Cloud and industrial internet of things (IoT) technologies have allowed organizations to become increasingly digital and more agile, but the adoption of these technologies has also placed tremendous strain on traditional WAN architecture. You can benefit from changing to a software-defined WAN (SD-WAN) so that you can address multiple issues a traditional WAN can’t adequately cover, including security, application performance, and connectivity. Traditional WANs that are relied on by many organizations in the industry are too rigid, aren’t scalable, and lack the resiliency needed for optimal uptime and performance. By contrast, a software-defined wide area network is cloud-ready, scalable, and can quickly connect numerous users and remote facilities.

What is SD-WAN?

SD-WAN controls the management, services, and connectivity between different facilities, data centers, the cloud, and remote offices by using the software to separate the data and control planes, and improve network operations and traffic routing. It works as an overlay network on top of the underlying WAN infrastructure and existing connections and separates the network services from the infrastructure to optimize how data is routed across the network.

A software defined wide area network is managed through a central controller that transmits data to the connected devices so that routers can be configured remotely and connected resources can be programmed and managed without having to be physically present. A deployment can include virtualized customer premises equipment (vCPE) or existing routers that run the software to handle networking, security, policy, and networking management functions.

Software-defined WANs unify communication paths and optimize application performance by implementing tunneling solutions on top of the pre-existing architecture. Enterprises have the option to dynamically connect facilities by leveraging cloud capabilities together with integrated intelligence, making SD-WANs much simpler to deploy enterprise-wide.

A key feature of a software-defined WAN is its ability to manage multiple types of connections and to petition, segment, and secure the traffic traveling across the WAN.

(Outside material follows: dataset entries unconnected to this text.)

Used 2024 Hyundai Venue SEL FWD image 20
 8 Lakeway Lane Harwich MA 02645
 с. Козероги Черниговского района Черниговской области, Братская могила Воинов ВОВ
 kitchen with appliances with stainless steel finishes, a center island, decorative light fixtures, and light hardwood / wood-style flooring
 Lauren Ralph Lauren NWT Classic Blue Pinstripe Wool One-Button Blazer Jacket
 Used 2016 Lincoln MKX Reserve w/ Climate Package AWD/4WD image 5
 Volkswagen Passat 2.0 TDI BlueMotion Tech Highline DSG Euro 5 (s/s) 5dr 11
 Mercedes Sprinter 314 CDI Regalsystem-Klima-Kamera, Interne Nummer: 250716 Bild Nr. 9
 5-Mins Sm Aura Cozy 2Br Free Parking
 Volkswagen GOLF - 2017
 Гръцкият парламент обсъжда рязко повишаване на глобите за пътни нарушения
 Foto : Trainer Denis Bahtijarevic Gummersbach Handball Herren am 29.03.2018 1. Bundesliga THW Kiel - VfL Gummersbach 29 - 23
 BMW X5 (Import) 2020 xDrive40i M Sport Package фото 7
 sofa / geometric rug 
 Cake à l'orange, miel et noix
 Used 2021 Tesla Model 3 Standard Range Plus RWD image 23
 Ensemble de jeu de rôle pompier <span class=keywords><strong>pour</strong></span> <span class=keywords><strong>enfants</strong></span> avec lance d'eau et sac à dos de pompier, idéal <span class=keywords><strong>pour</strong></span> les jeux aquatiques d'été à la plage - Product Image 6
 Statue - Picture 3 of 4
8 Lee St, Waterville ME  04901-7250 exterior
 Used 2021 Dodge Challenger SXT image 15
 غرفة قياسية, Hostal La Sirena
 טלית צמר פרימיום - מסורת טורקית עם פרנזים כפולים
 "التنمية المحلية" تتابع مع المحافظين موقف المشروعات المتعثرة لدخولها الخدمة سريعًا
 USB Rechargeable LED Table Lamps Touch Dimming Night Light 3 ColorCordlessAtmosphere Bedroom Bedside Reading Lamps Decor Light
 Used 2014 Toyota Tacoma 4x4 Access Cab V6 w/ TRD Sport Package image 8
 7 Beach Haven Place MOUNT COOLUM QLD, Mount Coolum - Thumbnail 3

Software-defined WANs vs. Traditional WANs

A traditional WAN requires your organization to purchase and install circuits to route internet protocol services by using layers of hardware to complete networks. The scope and size of these traditional networks make managing them much more difficult because of all of the processes required to manage activity on the network and the number of devices installed.

With legacy WANs, security is typically handled by using access control and IP block lists to prevent the infiltration of malware and other malicious data. A traditional WAN is centrally managed with routers and applications. To set up additional facilities, you must purchase and install additional hardware. This can quickly drive up your organization’s costs. Traditional WANs are also more difficult to scale since they require advanced planning and additional logistical support to install the infrastructure required to bring operations online at additional locations.

By contrast, a software-defined WAN allows internet and cloud capabilities to be leveraged so that network traffic between the organization’s headquarters and its other facilities can be easily managed. Network segmentation also allows different facilities to be zoned, and the deployment of a software-defined WAN is much faster than the planning and support required to deploy a traditional WAN that covers a large area.

SD-WAN for the Industrial Industry

Using a software-defined WAN addresses connectivity issues in complex environments, including manufacturing facilities with IoT devices and critical machinery. A software-defined WAN allows numerous types of connections simultaneously. SD-WAN-enabled networks can link sites that have multiple types of connections with different transport methods, including multiprotocol label switching (MPLS), broadband internet, and long-term evolution (LTE).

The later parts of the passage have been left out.